WHEREFORE, premises considered, the petition is hereby DENIED. The Court of Appeals Decision
dated December 19, 2005 and Resolution dated April 25, 2006, in CA-G.R. SP No. 83696, are
AFFIRMED.

SO ORDERED.

DIOSDADO M. PERALTA

Associate Justice

WE CONCUR:

ROBERTO A. ABAD
Associate Justice

MARTIN S. VILLARAMA
Associate Justice

JOSE CATRAL MENDOZA


Associate Justice

ESTELA M. PERLAS-BERNABE
Associate Justice

ATTESTATION

I attest that the conclusions in the above Decision had been reached in consultation before the case was
assigned to the writer of the opinion of the Courts Division.

DIOSDADO M. PERALTA
Associate Justice
Third Division, Acting Chairperson

CERTIFICATION

I certify that the conclusions in the above Decision had been reached in consultation before the case
was assigned to the writer of the opinion of the Courts Division.

ANTONIO T. CARPIO
Senior Associate Justice
(Per Section 12, R.A. 296, The Judiciary Act of 1948, as amended)

Footnotes:
* Per Special Order No. 1228 dated June 6, 2012.
** Designated Acting Member in lieu of Associate Justice Presbitero J. Velasco, Jr., per Special Order
No. 1229 dated June 6, 2012.
[1] Penned by Associate Justice Regalado E. Maambong, with Associate Justices Rodrigo V. Cosico and
Lucenito N. Tagle, concurring; rollo, pp. 33-63.
[2] Id. at 65-66.
[3] Penned by Commissioner Vicente S.E. Veloso, with Presiding Commissioner Roy V. Seeres
concurring; CA rollo, pp. 49-61.
[4] CA rollo, p. 66.
[5] Id. at 75.
[6] Id.
[7] Rollo, pp. 123-124.
[8] Id. at 75.
[9] Id. at 70-73.
[10] Id. at 91-96.
[11] Id. at 91.
[12] Id. at 115-116.
[13] Id. at 119-128.
[14] Id. at 126.

[15] Id. at 163-170; Note that Precilla Gramaje filed the Motion for Intervention, but the named intervenor
in the Position Paper is P.A. Gramaje Employment Services.
[16] CA rollo, p. 166.
[17] Rollo, p. 136.
[18] Id. at 130-131.
[19] Id. at 132-133.
[20] Id. at 183.
[21] Id. at 179.
[22] Id. at 180.
[23] Id. at 181-182.
[24] Id. at 182.
[25] Supra note 1.
[26] Rollo, pp. 62-63.
[27] Id. at 51-52.
[28] Id. at 53.
[29] Id. at 54.
[30] Id.
[31] Id.
[32] Id. at 56.
[33] Id.
[34] Id. at 57.
[35] Id. at 58.
[36] Id.
[37] Id.
[38] Id. at 60.
[39] Id. at 61-62.

[40] Id. at 14-15.


[41] G.R. No. 176240, October 17, 2008, 569 SCRA 670.
[42] Sasan, Sr. v.

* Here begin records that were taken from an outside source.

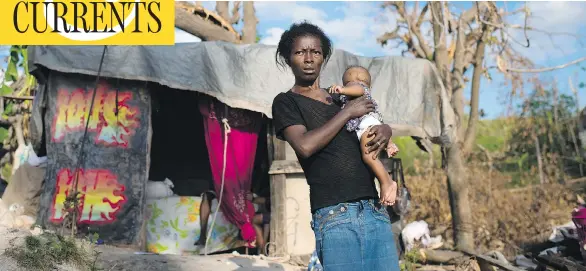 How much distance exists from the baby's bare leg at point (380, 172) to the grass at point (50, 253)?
2.71m

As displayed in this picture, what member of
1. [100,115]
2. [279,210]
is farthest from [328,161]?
[100,115]

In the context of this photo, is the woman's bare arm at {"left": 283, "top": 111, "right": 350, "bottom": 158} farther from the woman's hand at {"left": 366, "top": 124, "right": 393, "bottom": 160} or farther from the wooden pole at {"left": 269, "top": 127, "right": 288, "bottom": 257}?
the wooden pole at {"left": 269, "top": 127, "right": 288, "bottom": 257}

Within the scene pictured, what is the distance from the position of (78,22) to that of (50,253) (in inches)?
→ 106

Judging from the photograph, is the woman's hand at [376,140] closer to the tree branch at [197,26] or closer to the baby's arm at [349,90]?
the baby's arm at [349,90]

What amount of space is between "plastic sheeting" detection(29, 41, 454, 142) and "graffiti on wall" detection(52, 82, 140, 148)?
354mm

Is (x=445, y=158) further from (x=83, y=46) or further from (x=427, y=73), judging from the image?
(x=83, y=46)

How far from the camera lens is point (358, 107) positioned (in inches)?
78.2

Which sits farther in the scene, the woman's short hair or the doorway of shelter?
the doorway of shelter

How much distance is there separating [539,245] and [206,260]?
4.30 metres

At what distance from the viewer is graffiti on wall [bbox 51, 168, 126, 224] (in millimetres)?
5754

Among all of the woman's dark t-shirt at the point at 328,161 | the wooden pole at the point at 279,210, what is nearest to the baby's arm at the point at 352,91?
the woman's dark t-shirt at the point at 328,161

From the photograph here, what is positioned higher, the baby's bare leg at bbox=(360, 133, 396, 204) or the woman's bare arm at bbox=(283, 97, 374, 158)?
the woman's bare arm at bbox=(283, 97, 374, 158)

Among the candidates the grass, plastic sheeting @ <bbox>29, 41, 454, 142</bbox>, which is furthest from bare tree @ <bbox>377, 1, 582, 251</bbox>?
the grass

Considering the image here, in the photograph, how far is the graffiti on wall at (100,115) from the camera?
5938 millimetres
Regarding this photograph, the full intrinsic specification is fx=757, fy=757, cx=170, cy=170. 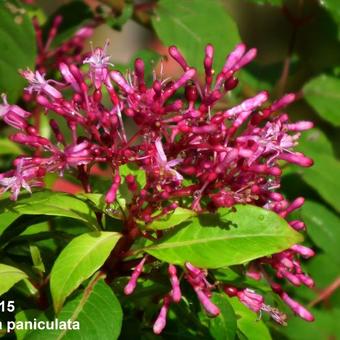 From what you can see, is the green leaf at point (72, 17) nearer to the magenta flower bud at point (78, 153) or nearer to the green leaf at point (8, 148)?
the green leaf at point (8, 148)

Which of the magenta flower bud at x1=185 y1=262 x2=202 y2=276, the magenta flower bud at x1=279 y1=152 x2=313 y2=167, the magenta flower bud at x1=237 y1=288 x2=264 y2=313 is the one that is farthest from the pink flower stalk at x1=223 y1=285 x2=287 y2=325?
the magenta flower bud at x1=279 y1=152 x2=313 y2=167

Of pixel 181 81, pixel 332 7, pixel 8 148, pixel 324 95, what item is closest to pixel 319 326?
pixel 324 95

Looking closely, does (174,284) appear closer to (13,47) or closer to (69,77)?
(69,77)

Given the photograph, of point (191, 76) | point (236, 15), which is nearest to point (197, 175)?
point (191, 76)

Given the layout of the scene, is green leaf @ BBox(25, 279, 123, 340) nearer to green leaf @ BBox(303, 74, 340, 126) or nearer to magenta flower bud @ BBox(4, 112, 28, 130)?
magenta flower bud @ BBox(4, 112, 28, 130)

National Labor Relations Commission 4th Division, supra, at 689-690. (Citations
omitted.)
[43] San Miguel Corporation v. Aballa, G.R. No. 149011, June 28, 2005, 461 SCRA 392, 421.
[44] G.R. No. 164257, July 5, 2010, 623 SCRA 114.
[45] San Miguel Corporation v. Semillano, supra, at 124; Sasan, Sr. v. National Labor Relations
Commission 4th Division, supra note 41, at 691.
[46] Sasan, Sr. v. National Labor Relations Commission 4th Division, supra note 41, at 691.
[47] 7K Corporation v. National Labor Relations Commission, G.R. No. 148490, November 22, 2006, 507
SCRA 509, 523.
[48] CA rollo, p. 211.
[49] 7K Corporation v. National Labor Relations Commission, supra note 47.
[50] See: San Miguel Corporation v. Aballa, supra note 43, at 425.
[51] CA rollo, pp. 186-191.
[52] Rollo, p. 58.
[53] Aklan v. San Miguel Corporation, G.R. No. 168537, December 11, 2008, 573 SCRA 675, 685.
[54] 7K Corporation v. National Labor Relations Commission, supra note 47.
[55] See Iligan Cement Corporation v. ILIASCOR Employees and Workers Union-Southern Philippines
Federation of Labor (IEWU-SPFL), G.R. No. 158956, April 24, 2009, 586 SCRA 449, 468.
[56] Big AA Manufacturer v. Antonio, G.R. No. 160854, March 3, 2006, 484 SCRA 33, 46.